Les bons comptes font les bons ennemis
Nicolas Beau, Le Canard enchaîné, 21/06/00
« Les journalistes avaient un peu trop investi sur ma personne et ce n'était pas sain », a pu déclarer « Jamie » Shea, porte-parole de l'Otan pendant les frappes aériennes contre la Serbie au printemps 1999. Ce bel esprit autocritique n'est guère partagé par la presse française, qui est revenue de façon fort louangeuse sur les conditions dans lesquelles elle avait couvert ce conflit (et cela malgré les documents accablants publiés par la presse américaine sur la réalité des massacres de civils pendant les bombardements). S'élevant fort heureusement contre cette autoglorification, deux journalistes du « Monde diplomatique » tentent de démontrer comment l'Otan avait mis sous perfusion les médias francais. Bourré de chiffres et de citations cet opuscule qui ressemble fort à une grenade dégoupillée ne laisse indemne à peu près personne. A l'exception du patron d'alors du « Figaro », Franz-Olivier Giesbert, qui s'était insurgé contre « I'indignation zapping » de la presse française, étrangement silencieuse sur les massacres anti-Serbes au Kosovo.
La presse parle en effet « des représailles musclées » des Kosovars d'origine albanaise mais jamais de contre-épuration ethnique. Les médias stigmatisent la « propagande serbe », mais évoquent « les demi-vérités » de l'Otan. Les journalistes, enfin, n'hésitent pas, derrière Blair et Clinton à parler de « génocide », et jamais, plus honnêtement, de massacre de populations.

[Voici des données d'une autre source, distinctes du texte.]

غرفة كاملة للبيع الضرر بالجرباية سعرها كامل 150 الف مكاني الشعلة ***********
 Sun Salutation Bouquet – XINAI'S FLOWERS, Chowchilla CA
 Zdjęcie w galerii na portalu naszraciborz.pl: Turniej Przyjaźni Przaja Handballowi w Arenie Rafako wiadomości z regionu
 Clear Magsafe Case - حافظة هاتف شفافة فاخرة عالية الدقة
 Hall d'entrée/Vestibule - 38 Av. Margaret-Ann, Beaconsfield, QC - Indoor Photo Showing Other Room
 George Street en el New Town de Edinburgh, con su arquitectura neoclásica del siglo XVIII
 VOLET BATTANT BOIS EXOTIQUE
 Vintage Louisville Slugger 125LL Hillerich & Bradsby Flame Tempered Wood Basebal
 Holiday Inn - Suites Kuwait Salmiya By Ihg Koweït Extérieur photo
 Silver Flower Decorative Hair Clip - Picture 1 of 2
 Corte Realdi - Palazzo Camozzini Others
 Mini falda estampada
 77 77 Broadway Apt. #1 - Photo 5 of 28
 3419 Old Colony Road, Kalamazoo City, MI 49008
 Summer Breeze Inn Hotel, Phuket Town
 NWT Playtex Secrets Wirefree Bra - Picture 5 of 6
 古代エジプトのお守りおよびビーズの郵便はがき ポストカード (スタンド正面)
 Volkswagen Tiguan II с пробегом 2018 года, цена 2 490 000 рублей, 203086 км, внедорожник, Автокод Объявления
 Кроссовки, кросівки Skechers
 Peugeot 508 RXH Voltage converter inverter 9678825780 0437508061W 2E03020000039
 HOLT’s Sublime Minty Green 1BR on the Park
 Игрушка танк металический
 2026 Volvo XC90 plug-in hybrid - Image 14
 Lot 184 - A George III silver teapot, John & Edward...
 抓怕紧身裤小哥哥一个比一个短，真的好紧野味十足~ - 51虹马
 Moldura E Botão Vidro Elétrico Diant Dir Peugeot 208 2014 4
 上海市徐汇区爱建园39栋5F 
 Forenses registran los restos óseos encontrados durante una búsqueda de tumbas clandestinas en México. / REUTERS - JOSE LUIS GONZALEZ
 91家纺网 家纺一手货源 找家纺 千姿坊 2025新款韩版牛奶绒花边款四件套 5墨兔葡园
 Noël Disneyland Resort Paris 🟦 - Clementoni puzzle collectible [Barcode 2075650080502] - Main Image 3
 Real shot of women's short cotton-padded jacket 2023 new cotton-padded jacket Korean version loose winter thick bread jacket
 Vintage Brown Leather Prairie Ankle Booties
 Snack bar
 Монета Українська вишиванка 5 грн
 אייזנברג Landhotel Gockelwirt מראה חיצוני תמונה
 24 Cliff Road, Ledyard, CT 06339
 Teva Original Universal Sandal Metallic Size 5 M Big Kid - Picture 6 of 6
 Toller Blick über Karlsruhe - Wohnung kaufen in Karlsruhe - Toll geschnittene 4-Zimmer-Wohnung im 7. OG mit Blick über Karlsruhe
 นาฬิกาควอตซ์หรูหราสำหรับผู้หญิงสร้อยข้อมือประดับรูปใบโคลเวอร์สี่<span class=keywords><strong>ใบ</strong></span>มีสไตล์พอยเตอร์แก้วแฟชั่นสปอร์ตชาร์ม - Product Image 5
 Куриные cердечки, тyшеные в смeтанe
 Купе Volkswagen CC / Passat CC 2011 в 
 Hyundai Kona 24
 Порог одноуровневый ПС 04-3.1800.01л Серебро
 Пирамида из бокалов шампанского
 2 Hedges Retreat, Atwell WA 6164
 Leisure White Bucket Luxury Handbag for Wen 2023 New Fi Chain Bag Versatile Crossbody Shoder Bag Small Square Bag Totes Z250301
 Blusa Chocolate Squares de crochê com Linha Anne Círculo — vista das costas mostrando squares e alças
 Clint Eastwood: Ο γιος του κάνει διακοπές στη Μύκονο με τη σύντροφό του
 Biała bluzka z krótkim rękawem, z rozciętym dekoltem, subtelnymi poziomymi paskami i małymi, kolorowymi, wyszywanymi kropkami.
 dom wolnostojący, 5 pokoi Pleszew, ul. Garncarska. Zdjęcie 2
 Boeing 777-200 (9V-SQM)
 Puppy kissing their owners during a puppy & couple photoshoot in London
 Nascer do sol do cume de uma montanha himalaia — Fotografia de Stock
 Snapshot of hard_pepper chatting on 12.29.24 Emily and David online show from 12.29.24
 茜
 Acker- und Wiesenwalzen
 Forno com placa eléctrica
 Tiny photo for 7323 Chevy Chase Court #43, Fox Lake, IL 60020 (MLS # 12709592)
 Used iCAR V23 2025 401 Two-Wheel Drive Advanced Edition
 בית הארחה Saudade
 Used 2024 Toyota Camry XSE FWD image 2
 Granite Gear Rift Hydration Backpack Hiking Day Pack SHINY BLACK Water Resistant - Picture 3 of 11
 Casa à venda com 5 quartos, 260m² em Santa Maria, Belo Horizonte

La chronique du « génocide » serbe contre les Kosovars (avec références au nazisme) se heurte aujourd'hui au bilan objectif du Tribunal pénal international pour l'ex-Yougoslavie – soit 2 108 cadavres exhumés et 4 266 personnes déclarées mortes par leurs proches. Or, à l'époque, certains médias s'en donnent à cœur joie, qui évoquent de 100 000 à 500 000 personnes tuées : « Mais tout ça, annonce TF1, est au conditionnel. » Lequel serait aujourd'hui le prix du professionnalisme. Même la très sérieuse revue « Esprit » évoque « des centaines de milliers de Kosovars massacrés ».
Autre débat escamoté par les médias, le massacre des Kosovars serait antérieur aux frappes aériennes. « Ces atrocités (…) auraient eu lieu, commente l'ineffable Bernard Henri Lévy, avec ou sans intervention alliée. » Seul hic, un rapport tout à fait officiel de décembre 1999 de l'OSCE (Organisation pour la Sécurité et la Coopération en Europe) note qu'après le début des frappes « le modèle changea et inclut des zones qui avaient été auparavant tranquilles ». Mais, à la décharge de BHL, plusieurs journaux, dont « Le Monde », n'ont pas publié cette partie fort instructive du rapport. Reste que les deux auteurs, emportés par leur démonstration, assimilent un peu vite à une « glu compassionnelle » I'horreur provoquée par la vision de centaines de milliers de Kosovars chassés hors de leurs villages.
Le mot de la fin revient à Laurent Joffrin, patron de la rédaction du « Nouvel Observateur », qui écrit le 10 avril 2000 : « Est-ce que ça change vraiment les choses d'annoncer 4 000 au lieu de 10 000 morts ? »
Oui, pour les journalistes. Même pour les cancres en calcul mental.